Increased Role for Structured Data at Google
Recently I wrote about Trust Metrics at Google, which explored some of the ways that Google was using Trust to rank pages in places like Google Custom Search Engines. I noticed recently that Google was enabling the ability for people to use Google Custom Search Engines with Schema (see: Make a topical search engine with schema.org types), which reminded me of Google’s newer experimental searches which ideally everyone should know about.
Structured data and unstructured data are common on the Web, and in places like Web-based search engines, we often see results from unstructured content such as text and images on web pages. We’ve seen signs that Google might start returning results that combine both structured data and unstructured data in things like answer passages for featured snippets.
If you haven’t been including structured data on your pages, in the form of Schema or data in tables, it may be time to consider doing so.
Structured Data in Tables Search at Google
Google has been focusing upon understanding and using Structured Data such as Schema and Data in Tables, in things like featured snippets and knowledge panels and Web Search Results.
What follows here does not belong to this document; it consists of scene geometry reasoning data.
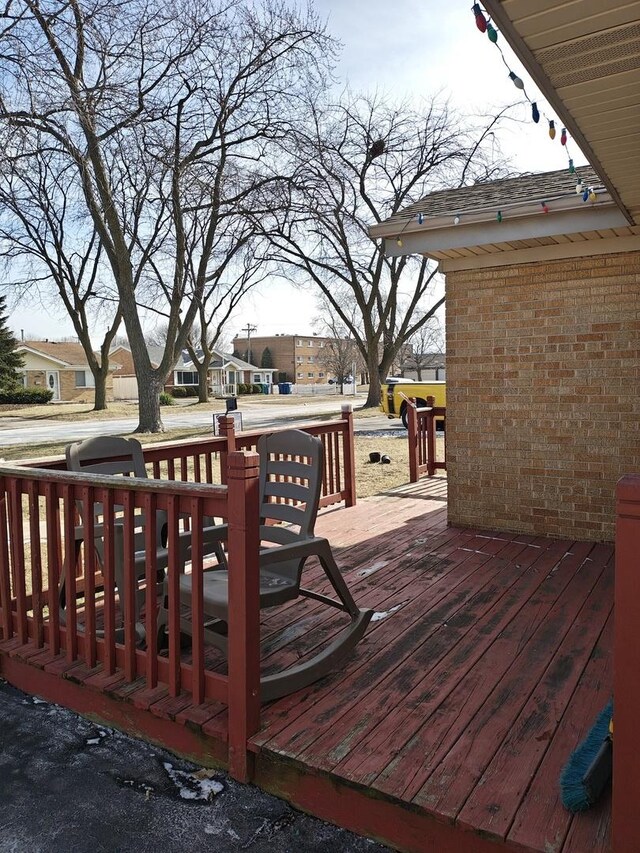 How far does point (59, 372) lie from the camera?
43.5m

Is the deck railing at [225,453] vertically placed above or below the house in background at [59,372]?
below

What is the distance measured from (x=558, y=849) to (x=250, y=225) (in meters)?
19.4

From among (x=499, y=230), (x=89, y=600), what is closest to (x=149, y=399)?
(x=499, y=230)

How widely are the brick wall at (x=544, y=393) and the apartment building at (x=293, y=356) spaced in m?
70.2

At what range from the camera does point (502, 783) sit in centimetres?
198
It’s also possible to see structured data appearing in other searches.
One of these experimental searches is Table Search, which came out of Google’s Webtables project, started in 2008. I came across a white paper called Ten Years of WebTables, by Michael Cafarella, Alon Halevy, Hongrae Lee, Jayant Madhavan, Cong Yu, Daisy Zhe Wang, and Eugene Wu. The paper describes how the Webtables project started, and turned out, and what it may lead to in the future. It’s worth reading through, and I love that Google is providing information to us about projects like this one.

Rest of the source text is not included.